The healthiest looking dog in the litter was once again undergoing something that I didn’t know how to solve, but he would always come over and greet me when I walked in the door.
In the speech I wrote about Buddy. I wrote about his struggle to walk and how perseverance made him walk again.
I wrote about how I did not know what life had in store for me, but I knew that perseverance would be key.
I told the auditorium that unless one focuses on their vision with a laser like intensity, then failure would surely come.
Parents cried. Students cried. Some of the kids parents even accused my mother of having written the speech, because how in the hell could a seventeen year old kid emotionally move hundreds of people?
She never even read it, or saw the pages before I delivered it. It was my speech. My speech.
When you tell your story, it is unique, it will be passionate and it will resonate with others somewhere.
Buddy taught me about perseverance. He taught me about not giving up. He taught me that obstacles will come no matter what, but it’s in how you navigate around, or even through them that matters.
Years later, rocked by ups and downs and sitting beside a dumpster homeless contemplating where everything went wrong, I remembered Buddy.
As weird as it seems, it was as though he appeared in front of me and gave me a look of, “It’s going to be okay. I’m still here. Remember how you helped me walk again? You’re not a failure, you’ve just fallen. You’re not a loser, you’ve just lost this round. You will succeed, but you have to get back up”.
I got back up.
I did everything I could do to make money and get back on my feet.

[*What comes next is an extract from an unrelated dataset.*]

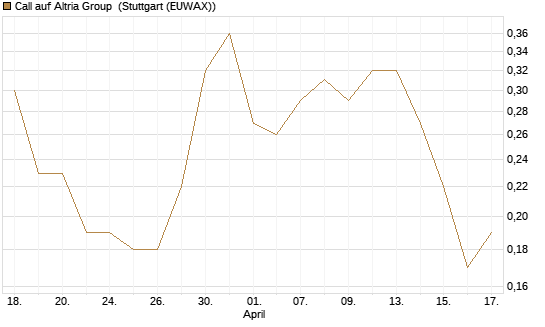 Call auf Altria Group [J.P. Morgan Structured Products B.V.] Chart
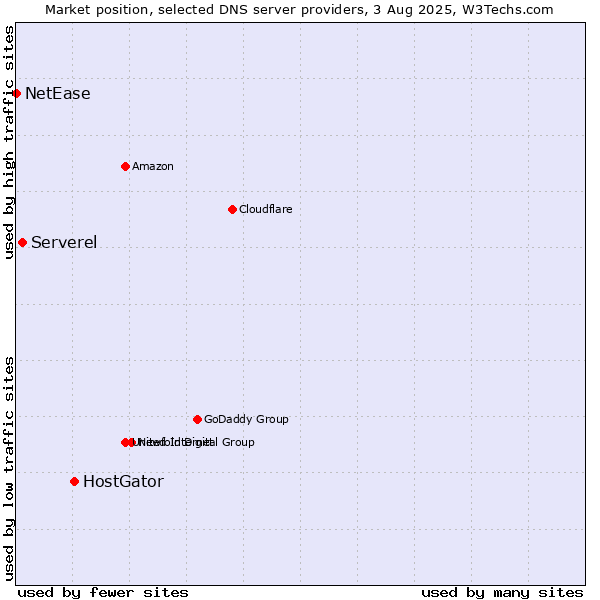 Market position of HostGator vs. Serverel vs. NetEase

I even was on food stamps for a short while in order not to starve.
It was painful.
It was embarrassing.
But it was a process.
You see, finding your vision starts and ends with yourself.
Only you know what is your real passion, what keeps you up at night and what makes you lose sleep.
I can only tell you that from that day I gave the speech, I knew that I would eventually affect thousands and even millions of people’s lives through my writing and words.
Thousands of men around the world have bought and read my books.
Thousands of men read this site daily and I’m working on reaching millions.
This blog started as a way to help men a mere year ago and in 2014 did 6-figures in revenue. To have such a successful start blogging in the first year, is almost unheard of in the blogging world, but it really started over 12 years ago with one speech and a young man’s vision.
There was a spark when I gave that speech. People felt something. I gave it my all. I ‘bled’ in front of them and exposed my soul.
I could have played it cool and been witty and made a ‘smart’ sounding speech, but I had to be completely real and deliver what I had at that moment in my life.
If your vision is to write a blog and live a location independent lifestyle, then you have to write about your own experience.
You have to write about your struggles and most importantly, what you have done to overcome those.
Don’t just write about pain and never offer a solution. No one wants to hear or read whining, but if you offer a solution, then you provide hope and hope is in short supply for many people right now.
Be a provider of hope.
Whatever medium your vision is in, provide hope.
Find your vision by looking inside.
Discover what that passion is and what it is that keeps you up at night.
Cultivate that passion.
Pursue that passion with everything that’s within you.
Sacrifice for that passion.
Lose sleep for that passion.
Overcome obstacles for that passion.
Persevere through the pain for that passion.
That is how you find your vision and when you can bring your vision to others in the form of your completed work, you will impact more people than you ever thought possible.
But you must start now.
You must use yourself because no one can tell your story, but yourself.
You must push through the fear of failure in order to complete your vision.
I wish you the best in your quest and I’m sure somewhere in Heaven, Buddy does too.